Chesterton brilliantly worked out the social, martial, and political consequences of a theology that began by consciously rejecting the Trinity in favor of a radically monotheistic, wholly other, intensely "lonely" God who thunders on the mountaintop. Allah is not the same God as the Father of our Lord Jesus Christ, and that difference does put Christianity and Islam at enmity. Though few readers notice it, it is significant that when C. S. Lewis (in the appendix to his Abolition of Man) placed side-by-side the great moral law codes of the nations of the world (Greek, Roman, Babylonian, Chinese, Jewish, Norse, Anglo-Saxon, Egyptian, Indian, Australian, Native American), he specifically chose to leave out all reference to Mohammed or the Koran. Lewis, like Chesterton, knew that there is something at the heart of Islam that is eternally hostile to the gospel and the creeds of the church. To promote peace and understanding is a good and Christian thing, but we must not close our ears to Chesterton's warnings simply because they make us feel uncomfortable or "narrow-minded."  

But Wood's somewhat biased treatment of Chesterton's views on Islam pales in comparison to his unwarranted, and, I'm sorry to say, smug dismissal of Chesterton's critique of Darwinian evolution. Determined to uphold a Christian academic attachment to theistic evolution, Wood, rather than learn from Chesterton's prophetic critique of Darwin, uses him as a club to beat intelligent design (ID) theories that he clearly considers harmful to Christianity and to the Academy. Although both Chesterton and ID base their arguments against macro-evolution on what we know about nature and man, Wood levels the same old tired "God of the gaps" accusation against both. Worse yet, though he includes an appendix in which he praises Chesterton for exposing the dangers of eugenics, he resists drawing the straight line (drawn by Chesterton) from Darwinian survival of the fittest to genetic engineering. 
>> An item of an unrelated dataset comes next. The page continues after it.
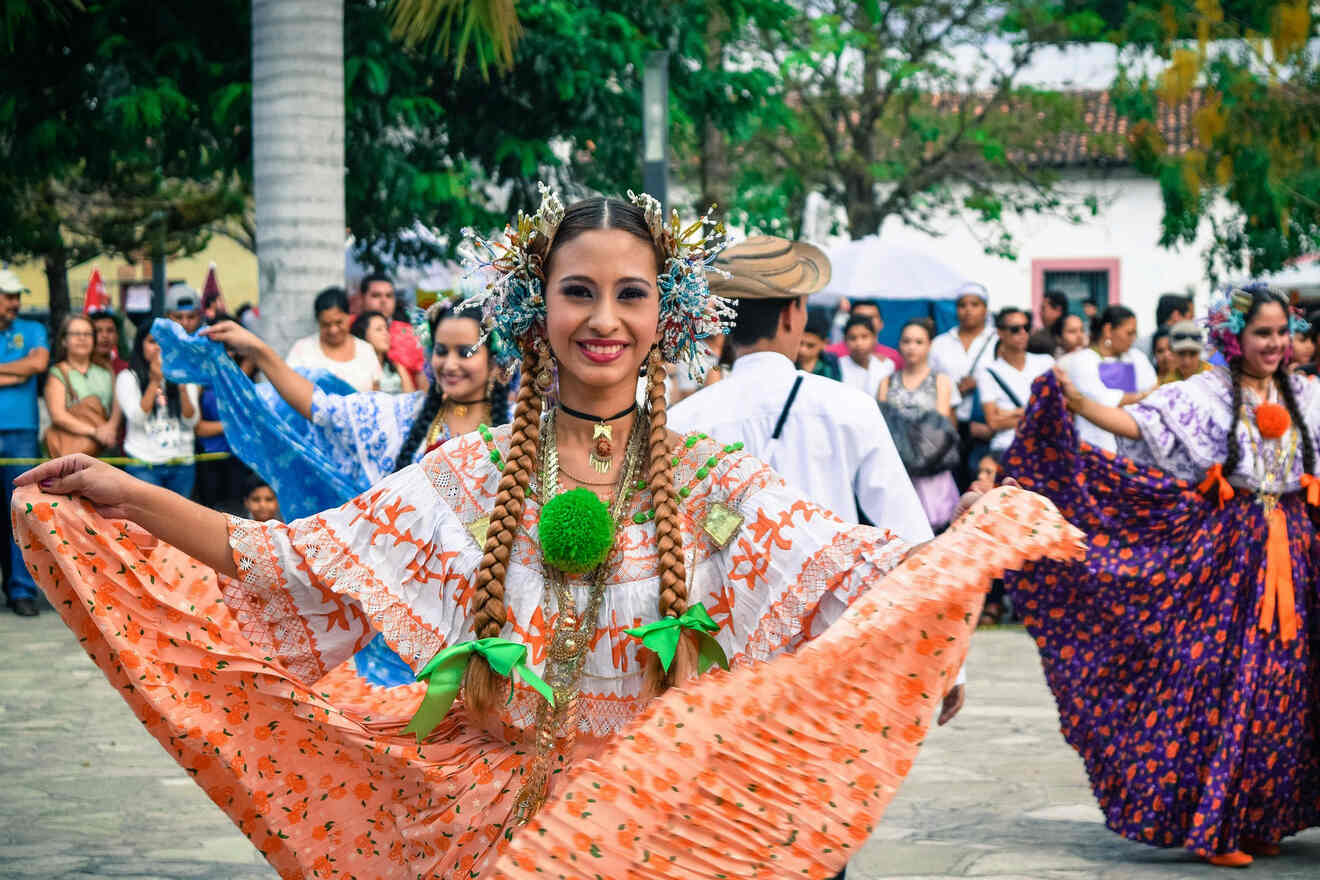 A woman in traditional bright floral attire and headpieces dances outdoors, accompanied by others in similar clothing. A crowd watches in the background. Trees and buildings are visible.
Still, though I find much to criticize in Wood's handling of Chesterton's views on Islam and evolution, I very much applaud him for his careful research, his lucid style, and his ability to draw together all aspects of one of the most paradoxically brilliant and brilliantly paradoxical writers (and figures) of the last century and a half. His book merits close reading and should inspire the kind of intensive dialogue that I've tried to initiate in this review.

Louis Markos (www.Loumarkos.com), Professor in English & Scholar in Residence at Houston Baptist University, holds the Robert H. Ray Chair in Humanities; his books include Apologetics for the 21st Century, Restoring Beauty: The Good, the True, and the Beautiful in the Writings of C. S. Lewis, From Achilles to Christ, and Pressing Forward: Alfred, Lord Tennyson and the Victorian Age.